Appellante heeft voorts aangevoerd dat het onredelijk is dat zij de kosten van de bezwaarprocedure zelf moet blijven dragen, terwijl de grondslag voor de motivering van het primaire besluit van 26 mei 2015 onjuist is gebleken en appellante genoodzaakt was rechtshulp in te schakelen. Ook deze beroepsgrond slaagt niet. Daartoe wordt het volgende overwogen.
4.3.2.
Ingevolge artikel 7:15, tweede lid, eerste volzin, van de Awb worden de kosten die de belanghebbende in verband met de behandeling van het bezwaar redelijkerwijs heeft moeten maken, door het bestuursorgaan uitsluitend vergoed op verzoek van de belanghebbende voor zover het bestreden besluit wordt herroepen wegens een aan het bestuursorgaan te wijten onrechtmatigheid. Volgens vaste rechtspraak (uitspraak van 23 augustus 2006, ECLI:NL:CRVB:2006:AY8044) is van herroepen in de zin van artikel 7:15, tweede lid, van de Awb alleen sprake indien het besluit, waartegen het bezwaar is gericht, wordt gewijzigd wat betreft het daarbij beoogde of geweigerde rechtsgevolg. Uit 4.2 blijkt reeds dat daarvan in dit geval geen sprake is. Immers, dat het college bij het bestreden besluit het motiveringsgebrek van het besluit van 26 mei 2015 heeft hersteld, is geen herroeping in de hiervoor bedoelde zin. Dat appellante rechtshulp heeft moeten inschakelen om op te komen tegen de onjuist gebleken motivering van het primaire besluit van 26 mei 2015, leidt niet tot een ander oordeel. Uit het gebruik van het woord ‘uitsluitend’ in artikel 7:15 kan worden afgeleid dat er geen ruimte voor het college is om kosten te vergoeden indien er geen sprake is van het herroepen van een besluit.
4.4.
Uit 4.1 tot en met 4.3 volgt dat het hoger beroep niet slaagt, zodat de aangevallen uitspraak moet worden bevestigd.

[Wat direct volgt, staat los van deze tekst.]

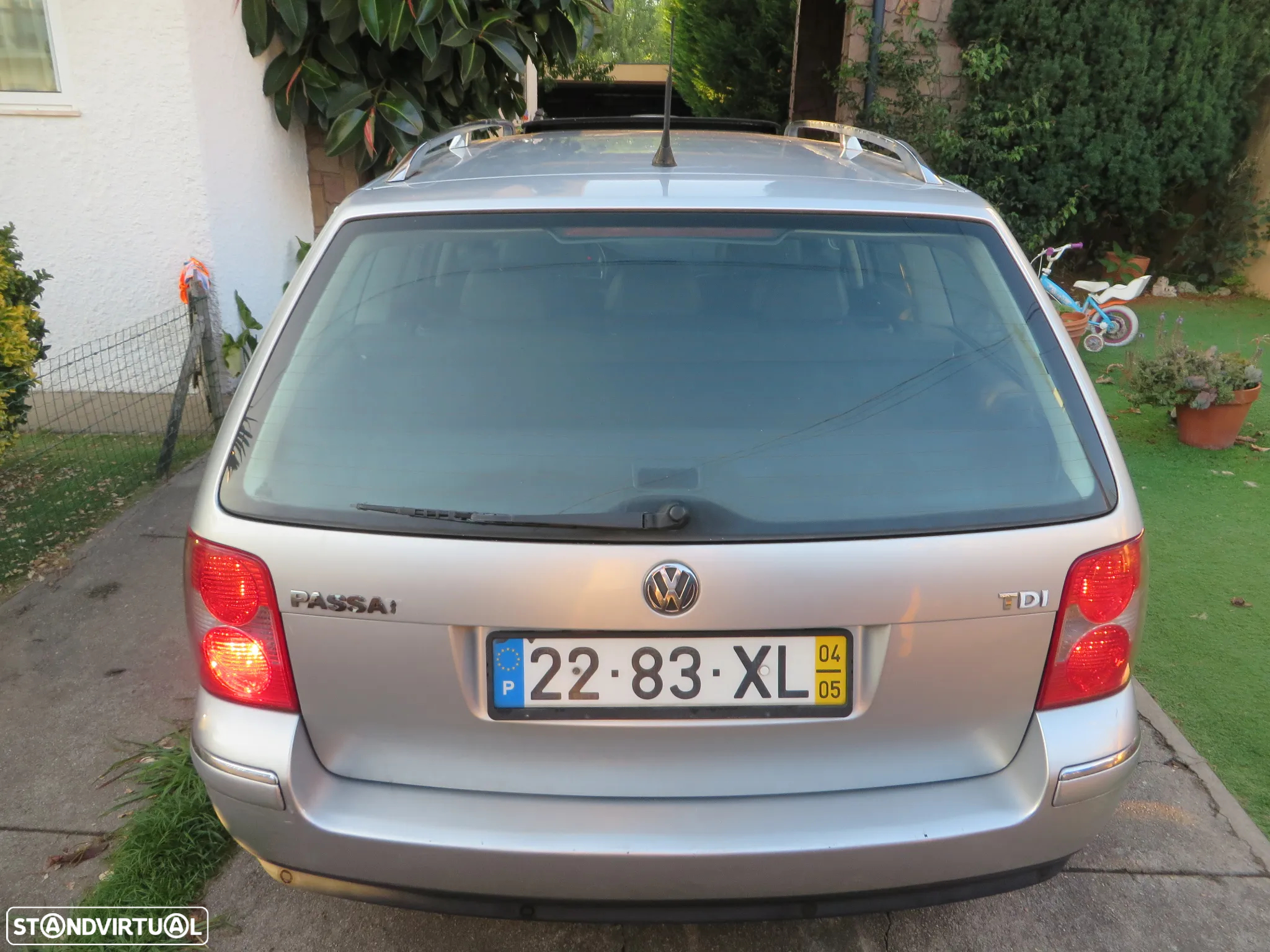 VW Passat Variant 1.9 TDi Highline - 9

5. Voor een veroordeling in de proceskosten bestaat geen aanleiding.

BESLISSING

De Centrale Raad van Beroep bevestigt de aangevallen uitspraak.
Deze uitspraak is gedaan door A. Stehouwer als voorzitter en E.C.R. Schut en M. ter Brugge als leden, in tegenwoordigheid van A.M. Pasmans als griffier. De beslissing is uitgesproken in het openbaar op 2 januari 2018.